The above is a fairly simplistic example, but after all the problem is itself fairly simplistic. The first match for solve_euler_1/3 checks the end case, for when we have reached the end of the list of numbers we are supposed to be adding, and simply returns our running total. The second match checks to see if the current number is evenly divisible by 3 or 5, and if so, adds the current number to the running total, adds one to the current number, and re-enters the loop, keeping in mind that the matching process will start over again and so the end case will be handled appropriately. The last match simply leaves the running total alone, adds one to the current number, and re-enters the loop.

Using the lists module and Erlang's list comprehension syntax:

-module(euler_1_comprehension).

-export([start/0,solve_euler_1/1]).

start() -> io:format("~w~n",[solve_euler_1(1000)]).

solve_euler_1(N) -> lists:sum([X || X <- lists:seq(1,N-1), (X rem 3 == 0) or (X rem 5 == 0)]).

The above illustrates four important concepts:

lists:sum(List) which returns the sum of each element in a list;

lists:seq(Start,End) which returns a list of numbers from Start through End;

[X || X <- List] which is a simple list comprehension syntax example that actually produces the exact same input List (unlike [math:pow(X,2) || X <- List] which produces a list of the squares of the elements in the input List, or [{n,X} || X <- List] which produces a list of tuples where the first element is the atom 'n' and the second element is the original list element, or [{X,math:pow(X,2)} || X <- List], or...);

[X || X <- List, Expression] which filters the original List by only including those elements for which the given Expression is true, in this case, (X rem 3 == 0) or (X rem 5 == 0).
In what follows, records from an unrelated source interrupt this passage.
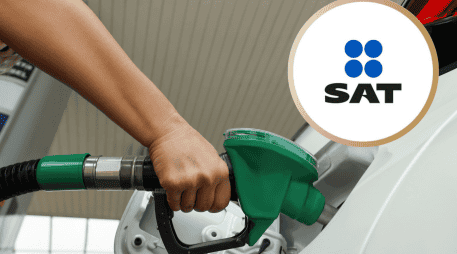 El impacto financiero del mercado ilícito de combustibles ha alcanzado niveles críticos en los últimos años, es por eso que las autoridades han impulsado medidas con controles digitales más estrictos. CANVA ESPECIAL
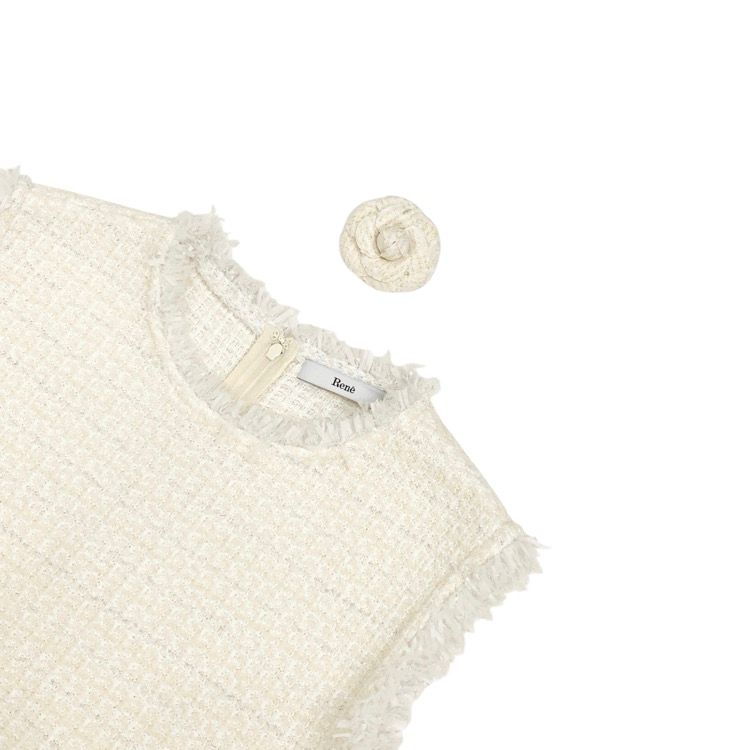 Knit Dress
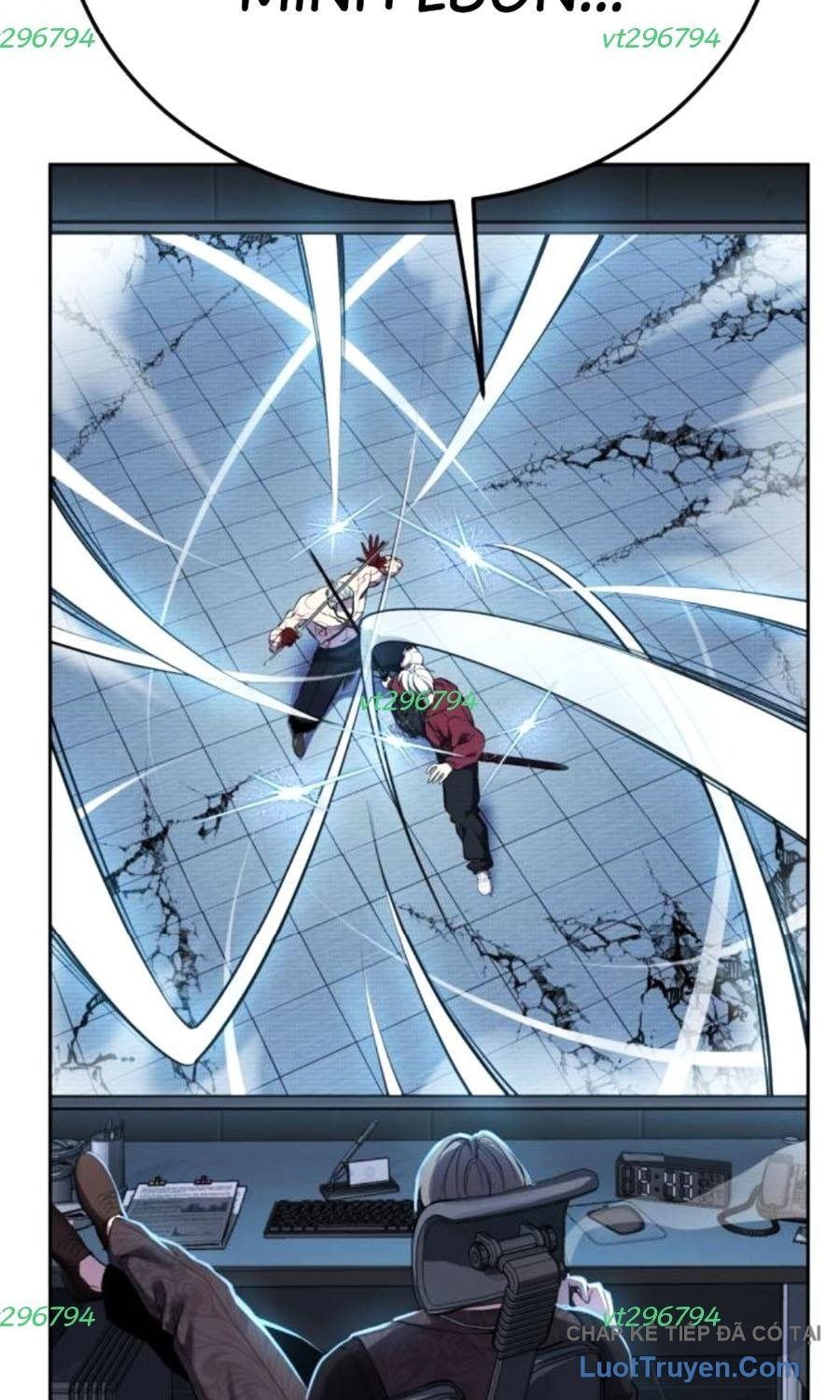 Cậu Bé Của Thần Chết Chapter 310 - 13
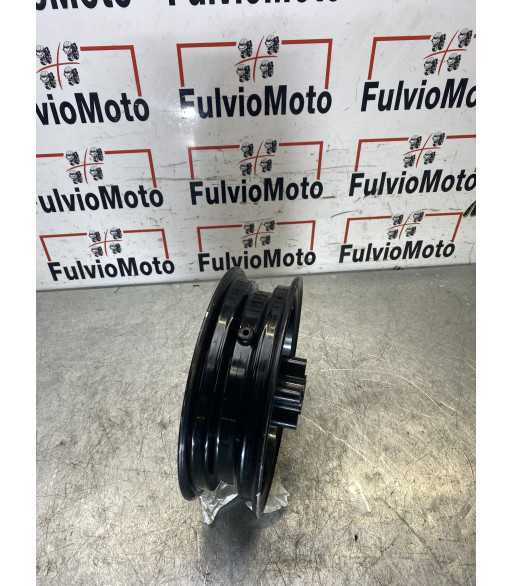 Jante Avant JM MOTORS QT50 50 – 2023 Meilleur Choix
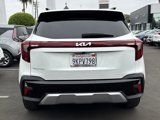 Certified 2024 Kia Seltos EX image 4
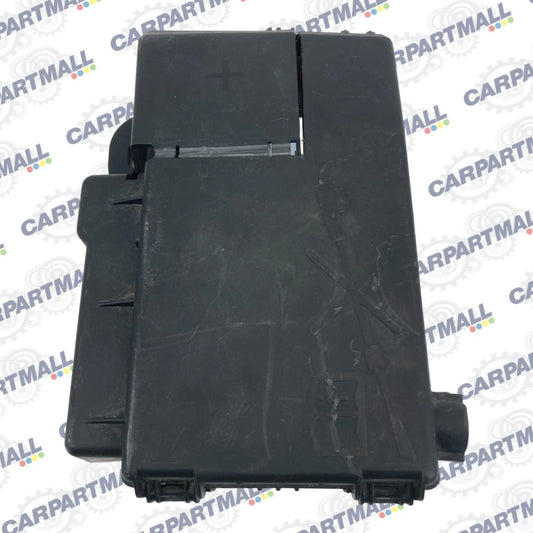 2011-2016 CHEVROLET CRUZE POSITIVE BATTERY TERMINAL UPPER COVER LID 96889385 OEM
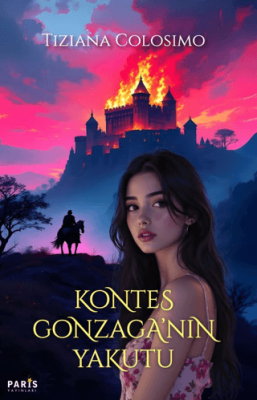 Kontes Gonzaga’nın Yakutu - 1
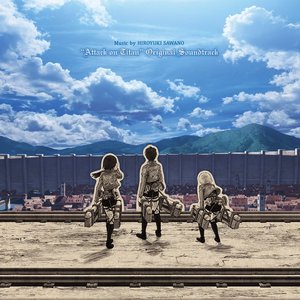 Image for '"Attack on Titan" Original Soundtrack'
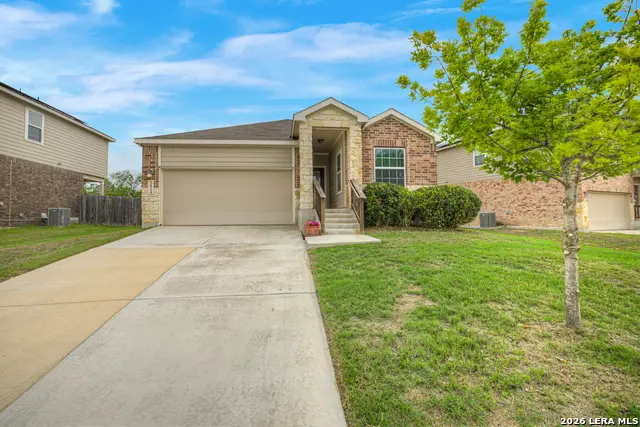 1814 Strawberry Fld, New Braunfels, TX 78130 - #1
Similar to the above is using the lists module's filter function:

-module(euler_1_filter).

-export([start/0,solve_euler_1/1]).

start() -> io:format("~w~n",[solve_euler_1(1000)]).
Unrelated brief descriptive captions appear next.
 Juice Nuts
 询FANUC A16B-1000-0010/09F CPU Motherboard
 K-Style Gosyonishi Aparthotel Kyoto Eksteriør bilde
solve_euler_1(N) -> lists:sum(lists:filter(fun(X) -> (X rem 3 == 0) or (X rem 5 == 0) end,lists:seq(1,N-1))).

This introduces the filter function itself, as well as the creation of an anonymous function in Erlang.

Yet another method of solving this problem comes again from the lists module, this time using foldl to accumulate along the list, and showing that anywhere you might declare an anonymous function (such as above) you can also use named functions:

-module(euler_1_foldl).

-export([start/0,solve_euler_1/1]).

start() -> io:format("~w~n",[solve_euler_1(1000)]).
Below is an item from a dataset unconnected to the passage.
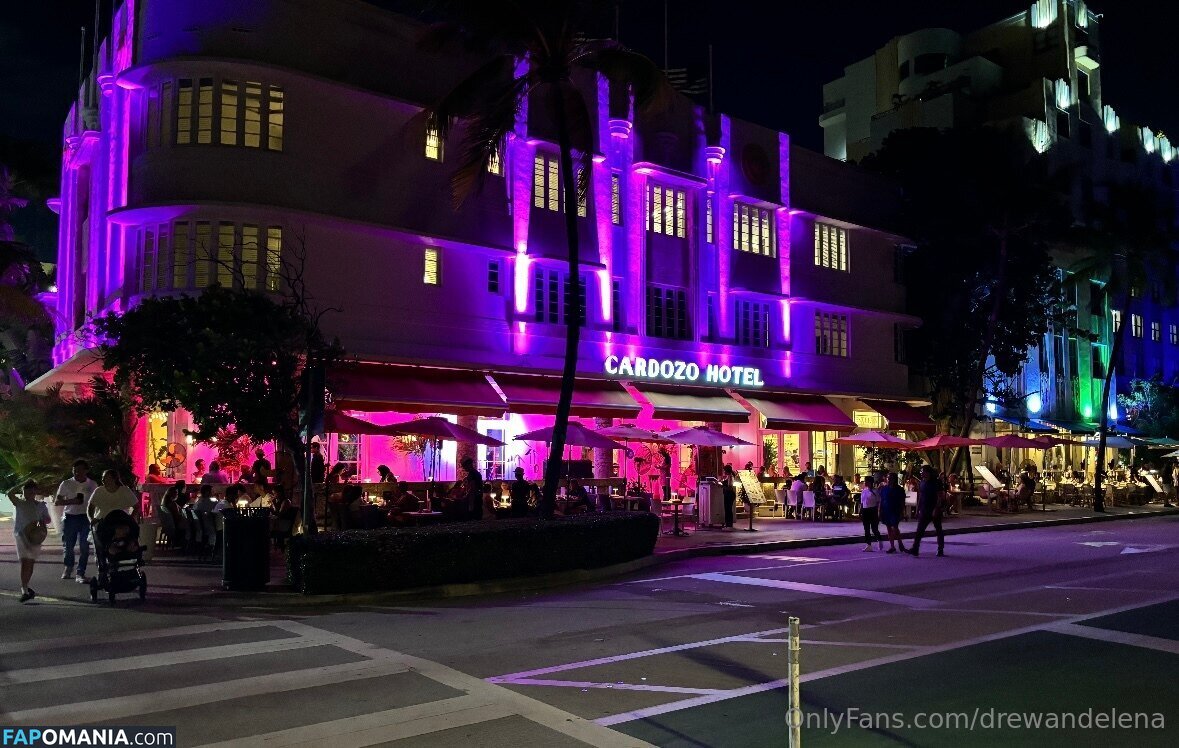 drewandelena / elena.drew ヌード OnlyFans  流出写真 #11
solve_euler_1(N) -> lists:foldl(fun accum_fun/2,0,lists:seq(1,N-1)).

accum_fun(X,Sum) when X rem 3 == 0; X rem 5 == 0 -> X + Sum;
accum_fun(_X,Sum) -> Sum.

Here we have a couple of new things to see, of course the foldl function itself, but also we use a named function, accum_fun, where previously we had declared an anonymous function inline, and we used a special guard syntax where ; is really quite the same as or.

Hopefully this was at least a little helpful in illustrating a few ways that using some of Erlang's features can be fun, simple, fast, and clear. This example didn't really give us an opportunity to look at processes or matching, but I'm sure those will come along again soon enough.